Erik R. Lehtinen, State Appellate Public Defender; Sally J. Cooley, Deputy Appellate Public Defender, Boise, for appellant. Hon. Raul R. Labrador, Attorney General; Mark W. Olson, Deputy Attorney General, Boise, for respondent.
UNPUBLISHED OPINION
Appeal from the District Court of the Fourth Judicial District, State of Idaho, Ada County. Hon. Nancy A. Baskin, District Judge; Hon. Richard D. Greenwood, Senior District Judge.
Judgment of conviction and unified sentence of twenty years with a minimum period of confinement of five years for lewd conduct with minor child under sixteen, affirmed; order relinquishing jurisdiction, affirmed; order denying I.C.R. 35(b) motion for reduction of sentence, affirmed.

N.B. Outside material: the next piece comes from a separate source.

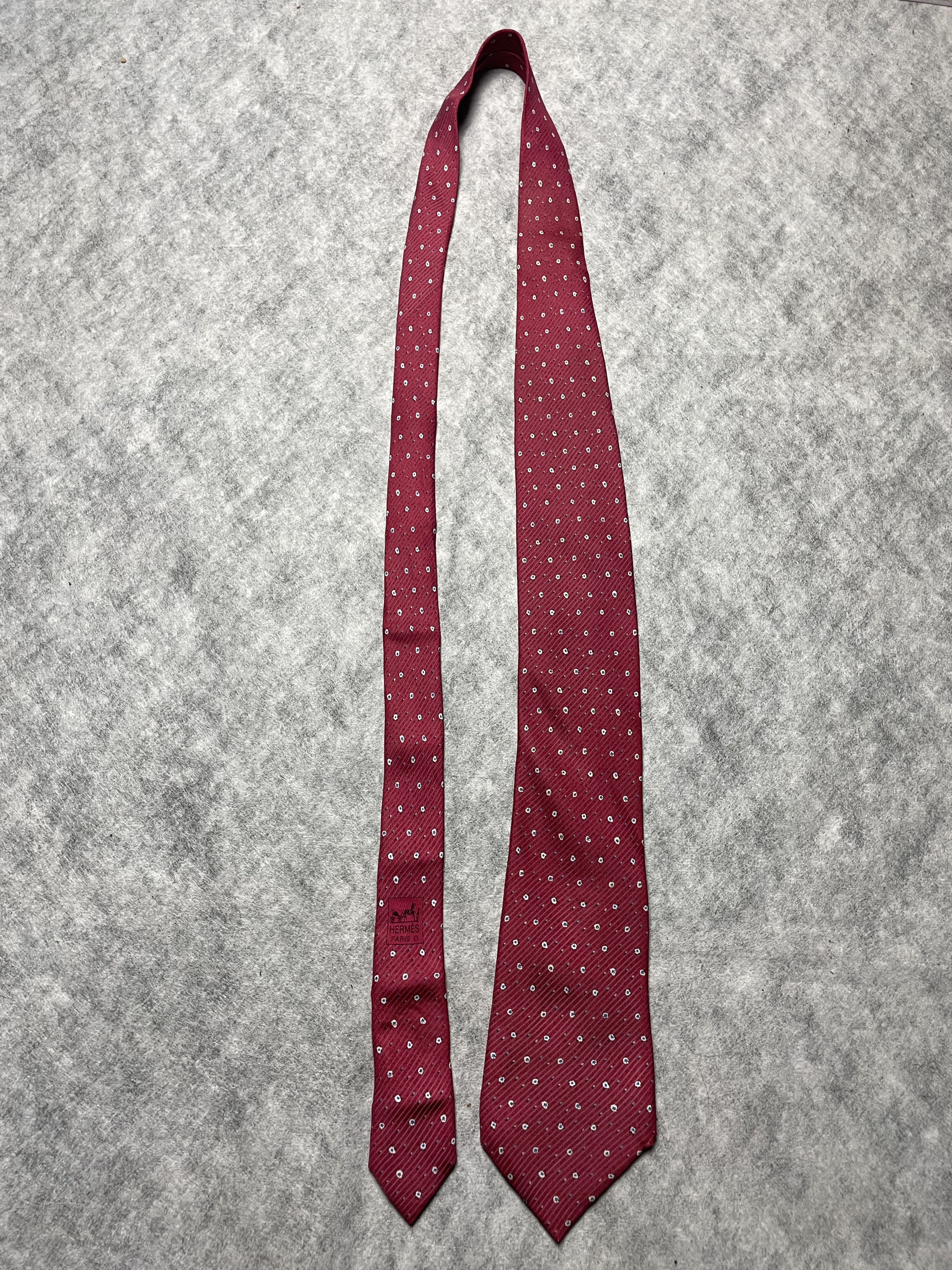 Hermes HERMES Paris 7945 MA Red Strip Print Silk Tie Size ONE SIZE - 6 Thumbnail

Erik R. Lehtinen, State Appellate Public Defender; Sally J. Cooley, Deputy Appellate Public Defender, Boise, for appellant.
Hon. Raul R. Labrador, Attorney General; Mark W. Olson, Deputy Attorney General, Boise, for respondent.
Before GRATTON, Chief Judge; HUSKEY, Judge; and LORELLO, Judge
PER CURIAM.
Rudolph Rilang pled guilty to lewd conduct with minor child under sixteen, Idaho Code § 18-1508. In exchange for his guilty plea, additional charges were dismissed. The district court imposed a unified term of twenty years with five years determinate and retained jurisdiction. After the period of retained jurisdiction, the district court relinquished jurisdiction. Rilang filed an Idaho Criminal Rule 35(b) motion, which the district court denied. Rilang appeals asserting that the district court abused its discretion by imposing an excessive sentence, by relinquishing jurisdiction, and by denying his I.C.R. 35(b) motion.
Sentencing is a matter for the trial court's discretion. Both our standard of review and the factors to be considered in evaluating the reasonableness of the sentence are well established. See State v. Hernandez, 121 Idaho 114, 117-18, 822 P.2d 1011, 1014-15 (Ct. App. 1991); State v. Lopez, 106 Idaho 447, 449-51, 680 P.2d 869, 871-73 (Ct. App. 1984); State v. Toohill, 103 Idaho 565, 568, 650 P.2d 707, 710 (Ct. App. 1982). When reviewing the length of a sentence, we consider the defendant's entire sentence. State v. Oliver, 144 Idaho 722, 726, 170 P.3d 387, 391 (2007). Our role is limited to determining whether reasonable minds could reach the same conclusion as the district court. State v. Biggs, 168 Idaho 112, 116, 480 P.3d 150, 154 (Ct. App. 2020). Applying these standards, and having reviewed the record in this case, we cannot say that the district court abused its discretion.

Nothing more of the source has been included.